▶ [What you are asked to do]
Return only that part of the material below which starts with the line containing "Kép 3/6 - Xiaomi" and goes on through the line containing "Reed Diffuser Decor & Hand Soap", restated exactly.

Excerpted records Start Marker

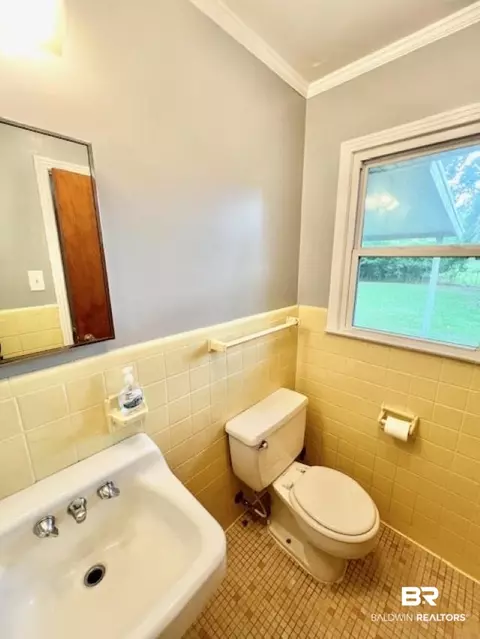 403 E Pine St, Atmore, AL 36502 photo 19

Excerpted records End Marker
Excerpted records Start Marker

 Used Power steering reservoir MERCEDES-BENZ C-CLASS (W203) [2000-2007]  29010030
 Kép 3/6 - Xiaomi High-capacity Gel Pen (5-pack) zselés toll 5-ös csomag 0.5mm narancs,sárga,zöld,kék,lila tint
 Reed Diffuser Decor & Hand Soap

Excerpted records End Marker

▶ [Answer for the task]
 Kép 3/6 - Xiaomi High-capacity Gel Pen (5-pack) zselés toll 5-ös csomag 0.5mm narancs,sárga,zöld,kék,lila tint
 Reed Diffuser Decor & Hand Soap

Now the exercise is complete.